Es ist nicht mein Fußball. „Den Bus parken“ wie man hierzulande sagt. Aber nach dem 1:5 gegen Brasilien hat Pia Sundhage die Taktik gewechselt. Gegen stärkere Gegner spielt Schweden seitdem die Taktik, die das Team im Grunde auch schon in der Olympia-Quali im Frühjahr erfolgreich begonnen hat zu entwickeln. Zwei kompakte Viererketten und heute mit Stina Blackstenius eine gefährliche Targetstürmerin vorne. Lotta Schelin spielte überwiegend zweite linke Außenverteidigerin in der zweiten Viererkette.

Brasilien hatte in der ersten Halbzeit 71% Ballbesitz, aber die Schwedinnen kämpften und droschen den Ball weg und waren eine unüberwindliche Wand. Ein doppelter Catenaccio.

Schon 2008 in Peking hatte Pia Sundhage diese Taktik gegen die Brasilianerinnen im olympischen Finale gefahren und mit 1:0 gewonnen. Hope Solo erinnerte vor kurzem daran, stinksauer, dass die Schwedinnen nun dieselbe Taktik anwandten. Sie hätten gespielt wie Feiglinge, sagte Solo. Sundhage erwiderte, darauf angesprochen: „Ich pfeife drauf, was sie sagt. Ich fahre nach Rio und sie fährt nach Hause.“

Nach vier Jahren ist Pia Sundhage doch angekommen. Damit hatte kaum noch jemand gerechnet. Sie kam als Erlöserin nach dem netten und soliden, aber biederen Thomas Dennerby. Sie kam mit Temperament und Charisma. Und änderte dann noch fast gar nichts. Sie hielt an manchen Spielerinnen fest und ließ große neue Talente nicht nachrücken. Oft schrieb ich, dass sie endlich der jungen Generation eine Chance geben müsse. Das schrieben auch andere, sie hörte natürlich nicht auf uns, sie machte ihr Ding und dann kamen auf einmal doch viele junge Spielerinnen nach. Magdalena Eriksson, Fridolina Rolfö, Stina Blackstenius, Jonna Andersson sind da zu nennen.

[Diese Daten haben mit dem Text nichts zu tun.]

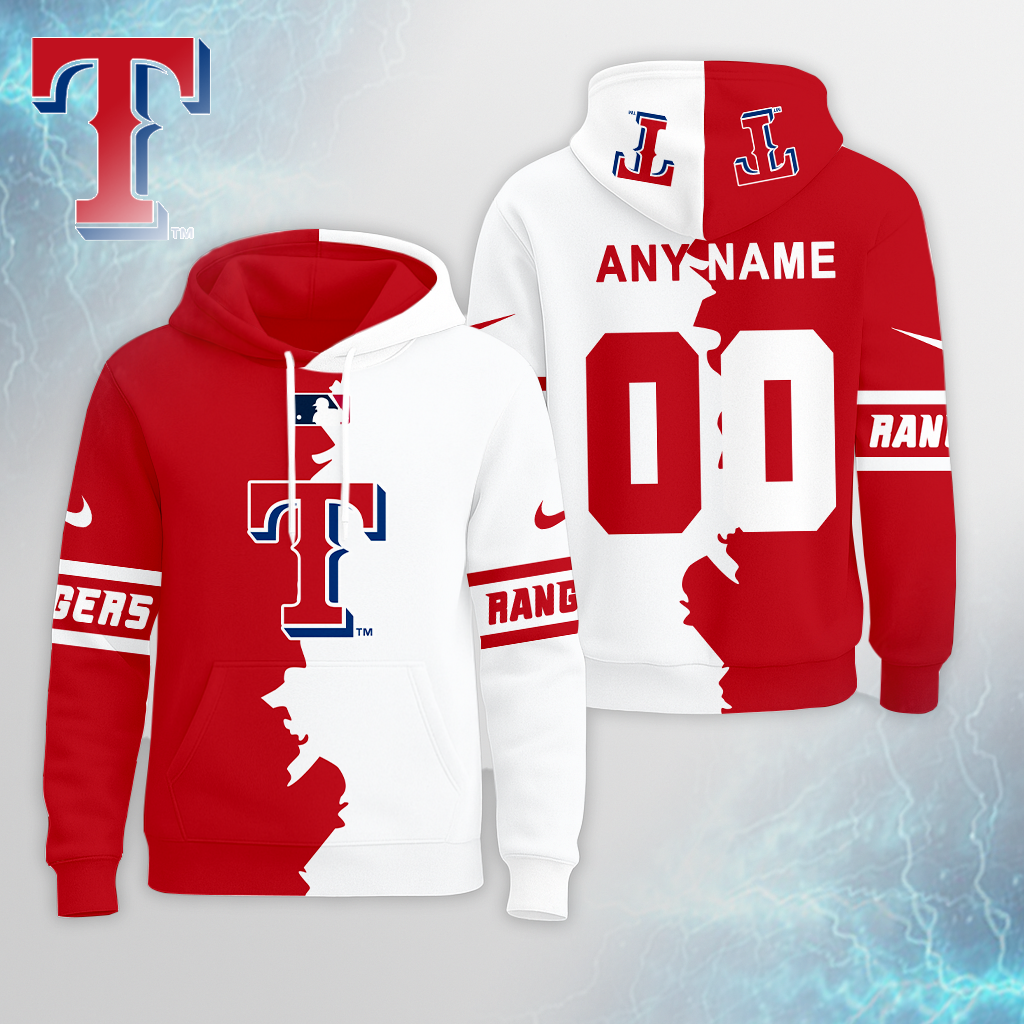LIMITED EDITION - NEW CUSTOMIZED MLB08 TRS TEXAS RANGERS UNISEX T-SHIRT, POLO, HOODIE & JACKETS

Sie hielt an Hedvig Lindahl fest, und musste dafür Sofia Lundgren opfern, denn Lindahl will keine unmittelbare Konkurrenz um den Torwartposten. Heute überragte Lindahl, war der sichere Rückhalt und hielt zwei Elfmeter.

Ich habe mit Emilia Appelqvist und Sofia Jakobsson gesprochen, die jetzt die olympische Silbermedaille sicher haben und Gold wollen. Beide sagten mir, dass man Revanche wolle für die WM 2015. Diese Enttäuschung, in Kanada so sang- und klanglos ausgeschieden zu sein, gegen Deutschland mit 1:4, sitzt tief. Aber ich vermute, dass die Mannschaft gerade das jetzt auch nutzt, um sich positiv daraus zu erheben.

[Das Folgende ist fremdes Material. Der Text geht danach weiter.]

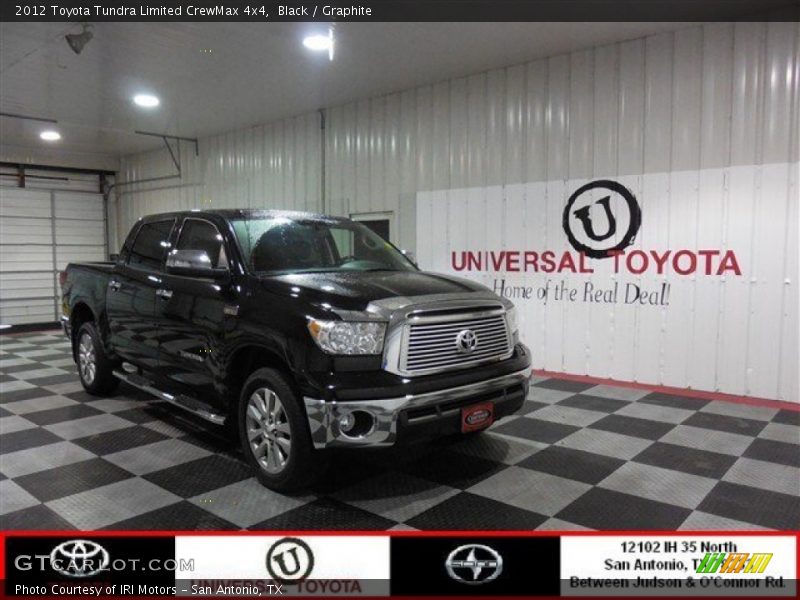 Black / Graphite 2012 Toyota Tundra Limited CrewMax 4x4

Nach dem 3:0 gegen Japan in Kalmar schrieb ich, dass Schweden mit der stärksten Truppe seit 2003 in ein Turnier gehe. Im Turnier dann spielten sie holprig gegen Südafrika (1:0), schwach gegen Brasilien, das entfesselt aufspielte (1:5) und kühl kalkulierend gegen China (0:0), wissend, dass man wenigstens Dritter wird und damit weiterkommt.

Gegen die USA und Brasilien gab es unattraktiven Fußball, aber am Ende Erfolge. Die aus einer sehr starken Mannschaftsleistung resultierten. 240 Minuten lang kämpften die Schwedinnen mit einem Hunger, einem Siegeswillen und hielten sich sklavisch an die ausgegebene Taktik. Der Erfolg gibt ihnen Recht. Ich bin gespannt, was der Strategin Silvia Neid einfällt, um den schwedischen Catenaccio zu knacken. Überrascht wäre ich nicht, wenn Schweden am Freitag den größten Erfolg seiner Fußballgeschichte feiern sollte. Schaffen sie das mit oder ohne Elfmeter, dann haben sie es auch verdient.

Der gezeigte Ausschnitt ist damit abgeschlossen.